=== Begin Enclosure ===

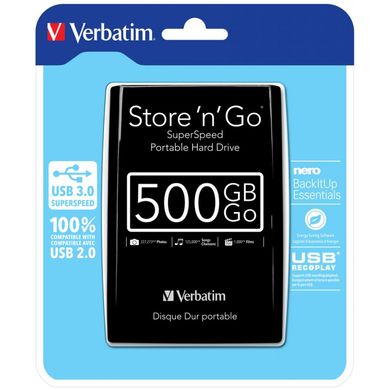 Внешний жесткий диск 2.5" 500GB Verbatim (53029)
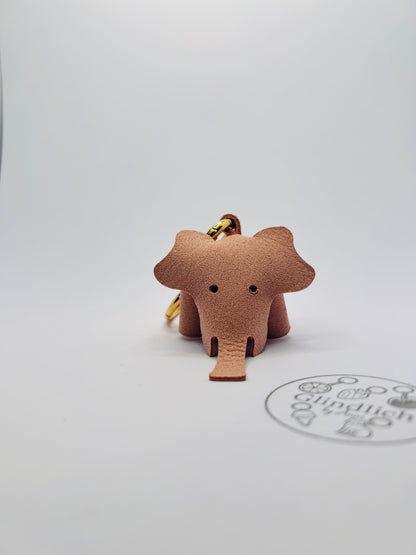 Echtleder Elefant Anhänger für Taschen und Schlüssel Glindlich Bag Charm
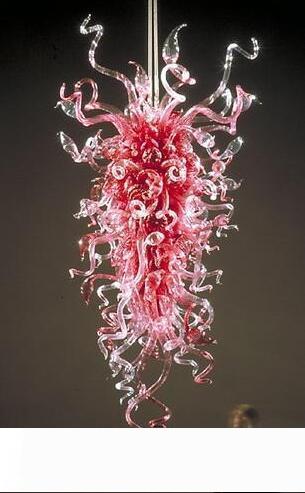 Free Shipping AC Led Bulbs 110v 240v High Ceiling Lamp Home Pink Modern Blown Glass Chandelier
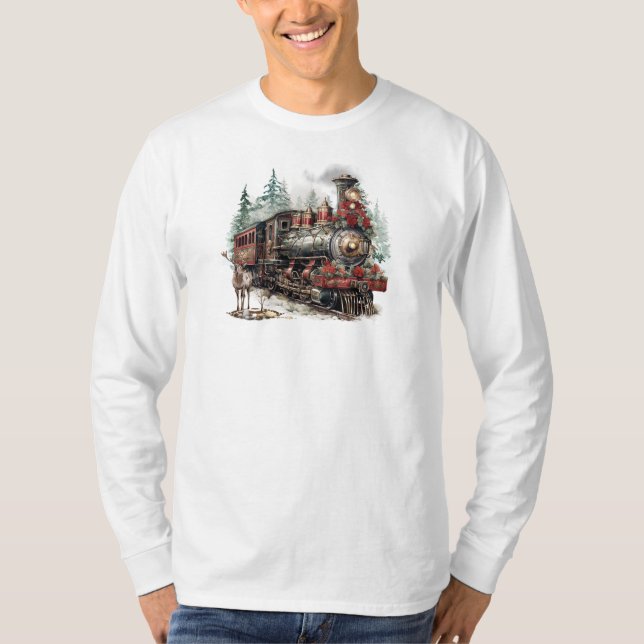Weihnachtszug Langschläfer T - Shirt (Vorderseite)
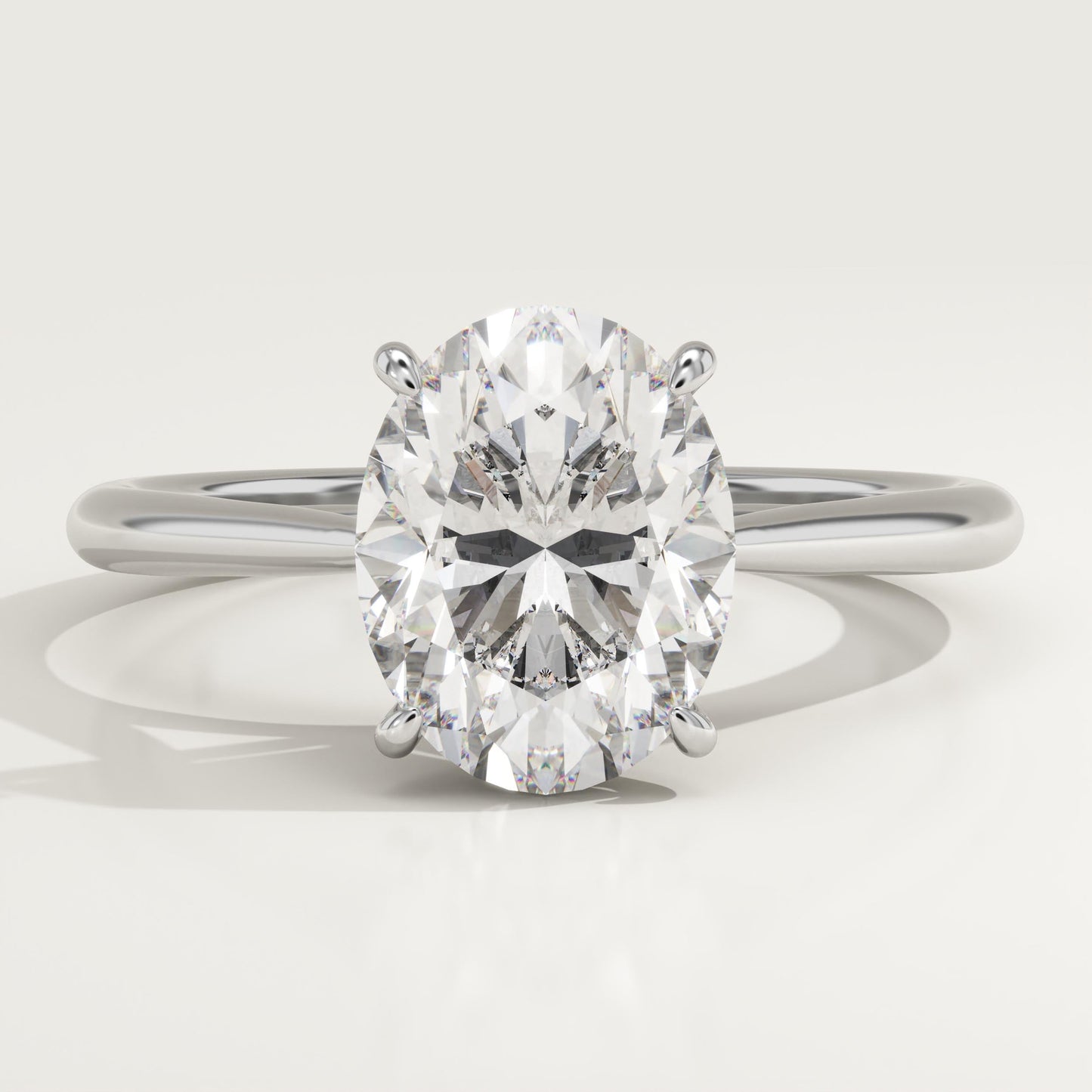Oval Cut Solitaire Cathedral Lab-Grown Diamond Engagement Ring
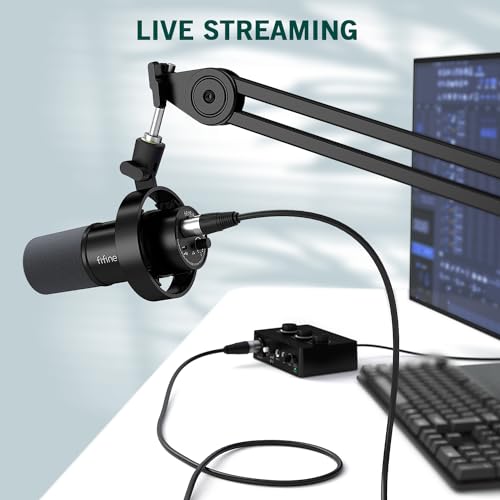 FIFINE Dynamic Microphone with XLR Cable Bundle, XLR/USB Recording Studio PC Mic for Vocal, Voice-Over, Microphone Audio Cable Set Compatible with Mixer, Audio Interface for Streaming (K688+L9)
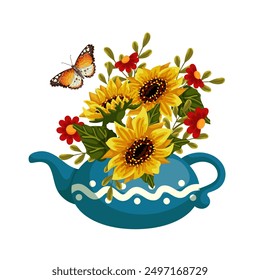 Colorful bouquet with autumn flowers and leaves in vintage vases and butterflies. Vector graphics.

=== End Enclosure ===

* Directions:
All of the data is to be reproduced exactly, with the pictures left out.

* Task solution:
 Внешний жесткий диск 2.5" 500GB Verbatim (53029)
 Echtleder Elefant Anhänger für Taschen und Schlüssel Glindlich Bag Charm
 Free Shipping AC Led Bulbs 110v 240v High Ceiling Lamp Home Pink Modern Blown Glass Chandelier
Weihnachtszug Langschläfer T - Shirt (Vorderseite)
Oval Cut Solitaire Cathedral Lab-Grown Diamond Engagement Ring
 FIFINE Dynamic Microphone with XLR Cable Bundle, XLR/USB Recording Studio PC Mic for Vocal, Voice-Over, Microphone Audio Cable Set Compatible with Mixer, Audio Interface for Streaming (K688+L9)
 Colorful bouquet with autumn flowers and leaves in vintage vases and butterflies. Vector graphics.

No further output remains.